Enhancer kernel parameters¶
The following parameters define the kernel used to convole the signal of enhancers:
"enhancer_kernel_shape" : "guassian",
"enhancer_kernel_size_type" : "relative",
"absolute_enhancer_kernel_size" : 1000,
"absolute_enhancer_kernel_sigma" : 3,
"relative_enhancer_kernel_size" : 0.1,
"relative_enhancer_kernel_sigma" : 0.005,
"enhancer_kernel_shape" may be "flat" or "guassian". "enhancer_kernel_size_type" may be "absolute" or "relative", and defines whether the absolute or relative settings are used; an absolute kernel is the same for each gene and the size is the number of bases wide it is, a relative kernel has its size and sigma relative to the gene which is being convolved.
Quiescent kernel parameters¶
The following parameters define the kernel used to convole the signal of quiescent regions:
"quiescent_kernel_shape" : "guassian",
"quiescent_kernel_size_type" : "relative",
"absolute_quiescent_kernel_size" : 1000,
"absolute_quiescent_kernel_sigma" : 3,
"relative_quiescent_kernel_size" : 0.1,
"relative_quiescent_kernel_sigma" : 0.0015,
"quiescent_kernel_shape" may be "flat" or "guassian". "quiescent_kernel_size_type" may be "absolute" or "relative", and defines whether the absolute or relative settings are used; an absolute kernel is the same for each gene and the size is the number of bases wide it is, a relative kernel has its size and sigma relative to the gene which is being convolved.
Interferring genes¶
These settings define how genes that are nearby other genes affect each gene's search window, if a gene is defined as interferring, it will cut off a search window prematurely.

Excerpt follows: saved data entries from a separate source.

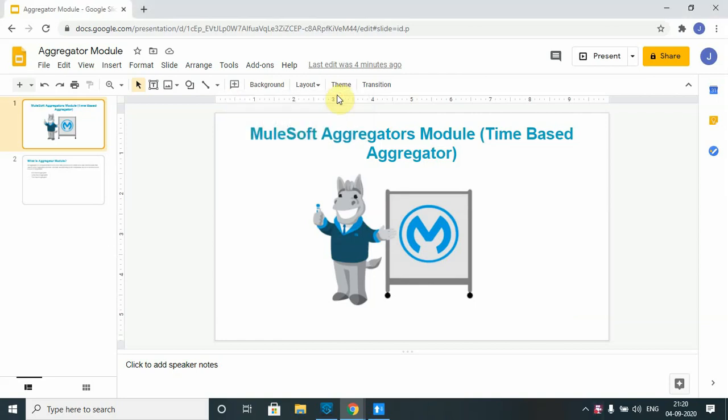Hello everyone, my name is Jitender Bapna. I am a senior MuleSoft architect. In my last video we went through how we can implement a size-based aggregation in a MuleSoft application. In this tutorial we will see the other way of achieving aggregation, that is time-based aggregation — how you can implement a time-based aggregator in your Mule flow.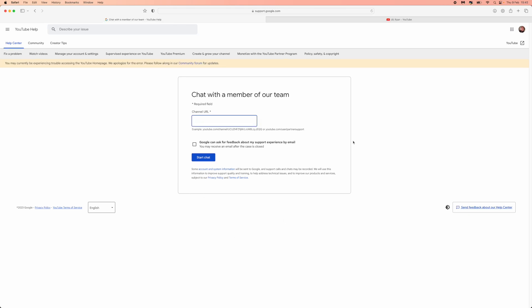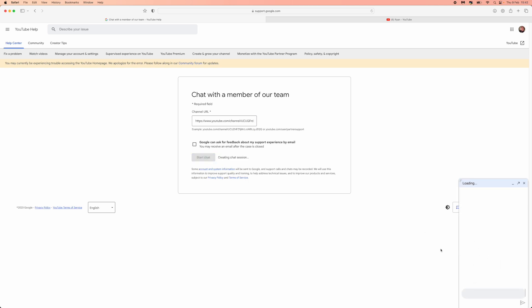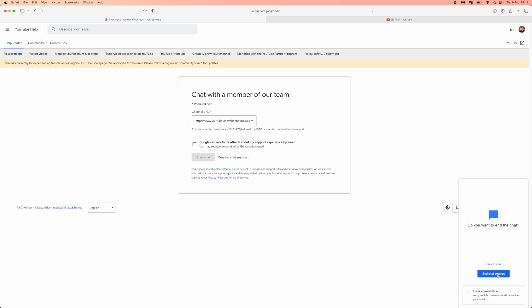Once you have got your YouTube channel URL, what you can do is paste it in this box right here. Then once you click on start chat, you will get a little chat box pop up right here. If I click on start chat, as you can see, this chat box will pop up, but I will close this down because I don't actually need Google chat support right now.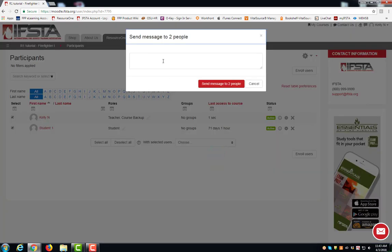Type your message and click send message.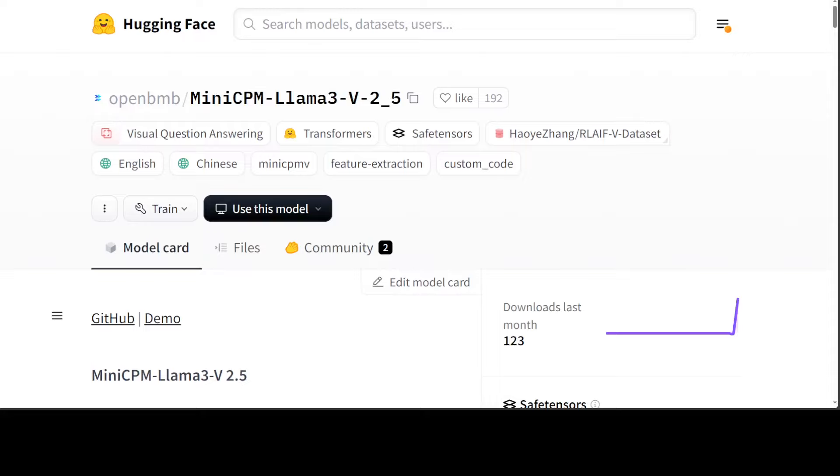Hello guys, in this video we will be installing a very cool model called Mini CPM Llama 3 V 2.5. This model is quite interesting in various ways. It is the latest model in the Mini CPM V series.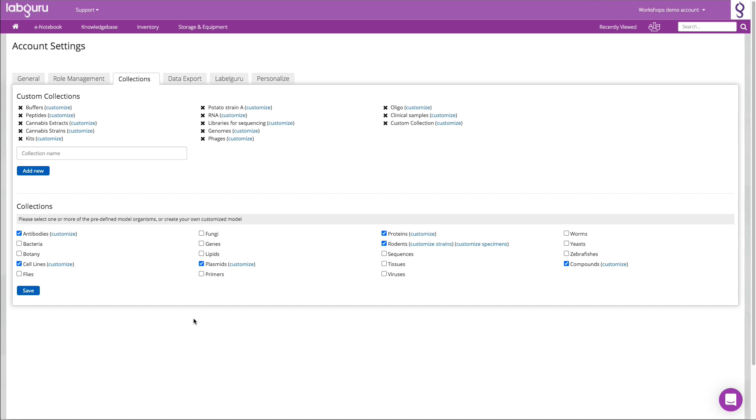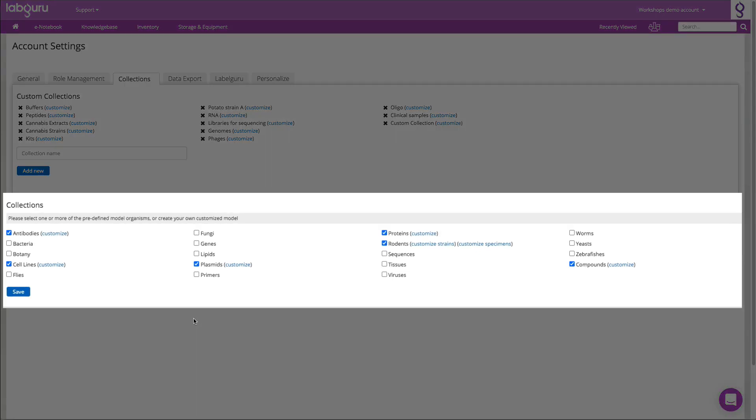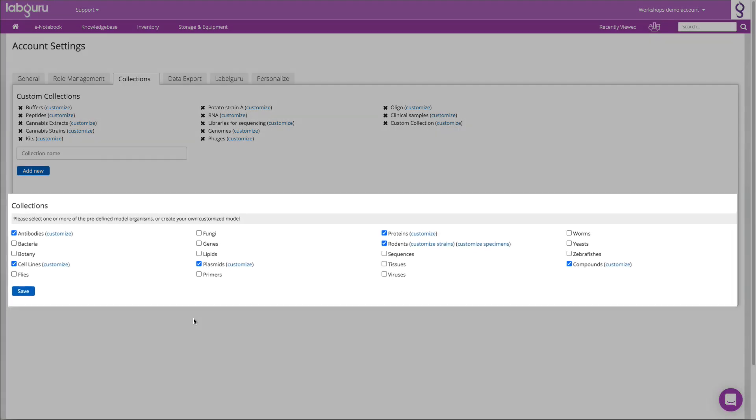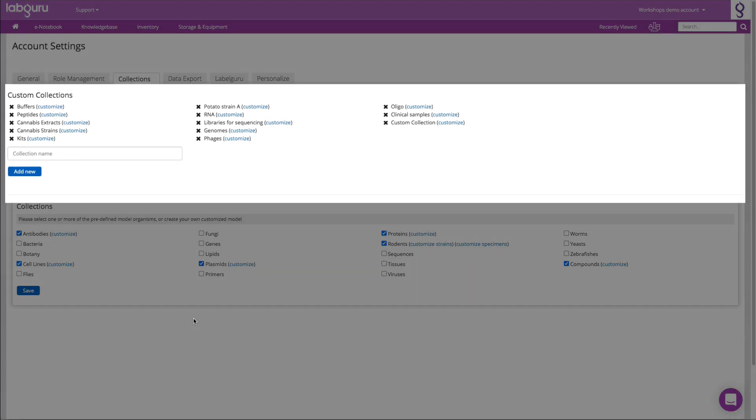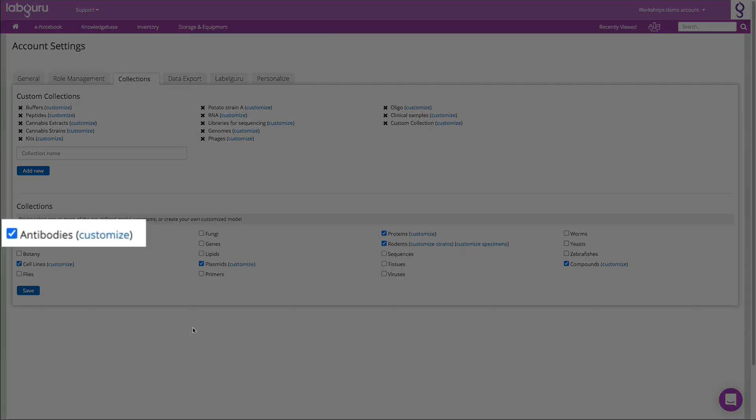To do so, users who are defined as admins have access to the inventory settings. You can use the default collections we offer at the bottom of the screen, or you can create your own custom collections if you want to add anything to that list.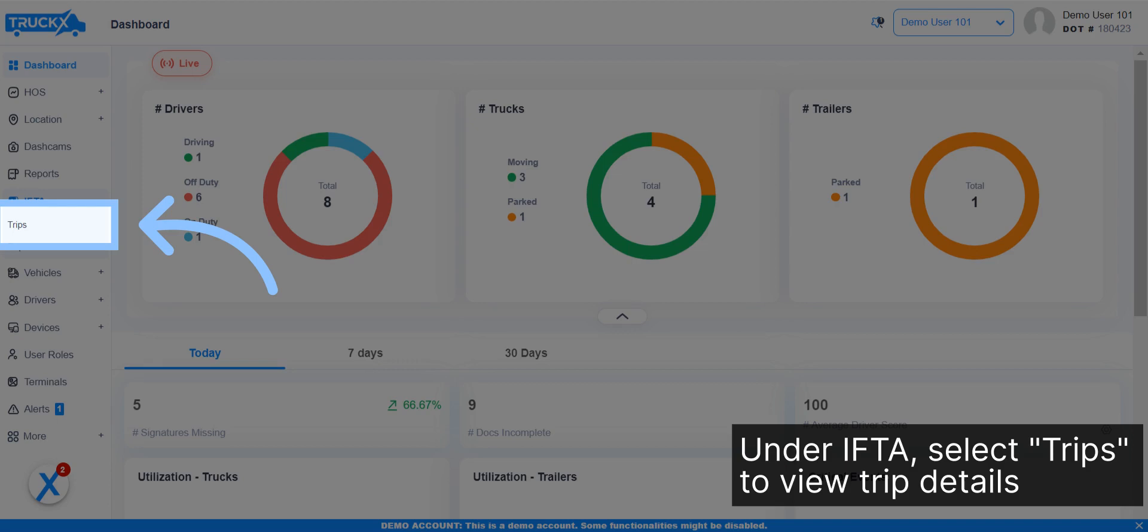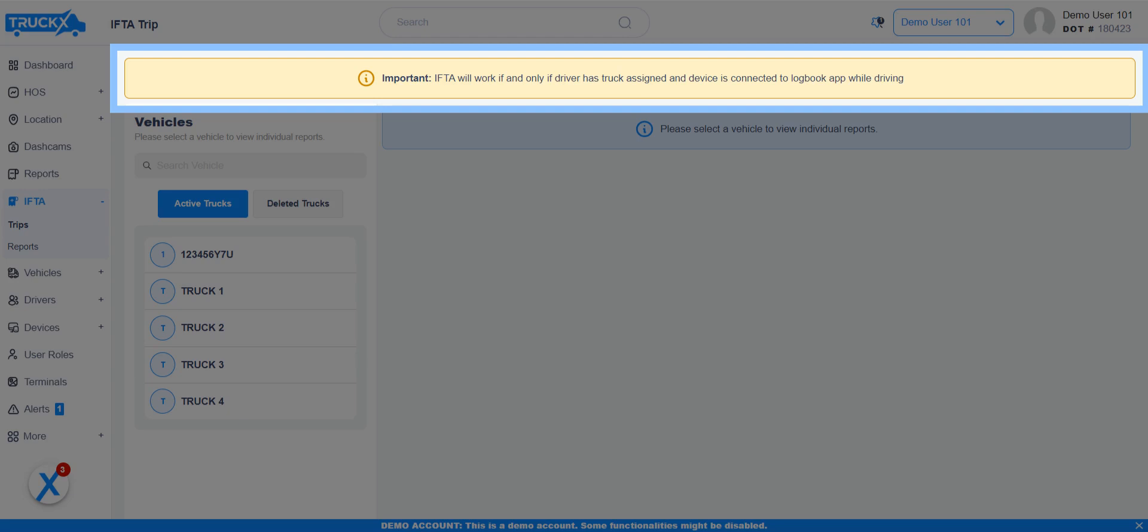Under IFTA, select Trips to view trip details. IFTA will work if and only if driver has truck assigned and devices connected to Logbook app while driving.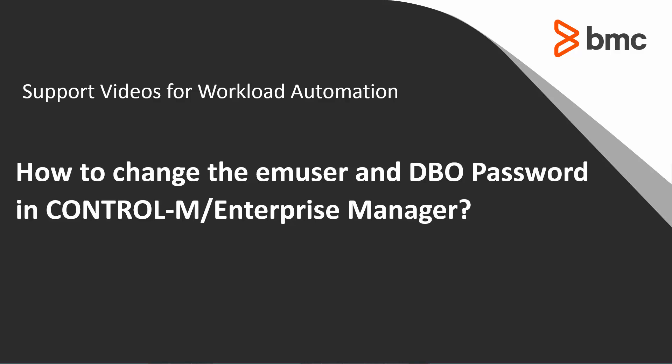Welcome to the support videos for Workload Automation. This video will demonstrate how to change the EM user and DBO password in Control-M Enterprise Manager.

"specific_expression_threshold" : 0.01,
"interferring_gene_overlaps" : false,
The 'specific_expression_threshold' is the expression of a gene within the cell line of interest needed for a gene to count as interferring. 'interferring_gene_overlaps' is whether to consider genes which overlap the gene of interest as potentially being interferring, functionality may not work as expected.
Convolution settings¶
These are used to control how the convolutions are generated and call pateaus.
"convolution_limit" : 2,
"plateau_threshold" : 0.1,
'convolution_limit' is the number of genes which will have their convolutions calculated; it is a slightly slow process so recommened to reduce the number for faster performance. Genes are considered in their ranked order, so genes with higher interest scores will have their convolution calculated first. 'plateau_threshold' is the horizontal line the convolved signal must cross to generate a plateau. The signal is in arbitrary units but a value close to 0 (but not 0) is recommended.
Prime editing settings¶
These settings decide what is inserted into each plateau and how many insertions should be considered.
"inserted_sequence" : "ATAACTTCGTATAATGTACATTATACGAAGTTAT",
"partial_insertions_per_region" : 20,
'inserted_sequence' is the sequence being inserted, it will be read by PRIDICT, so their conventions must be used. 'partial_insertions_per_region' is the number of prefix/suffix combinations which will be found in each plateau before they are fed into PRIDICT.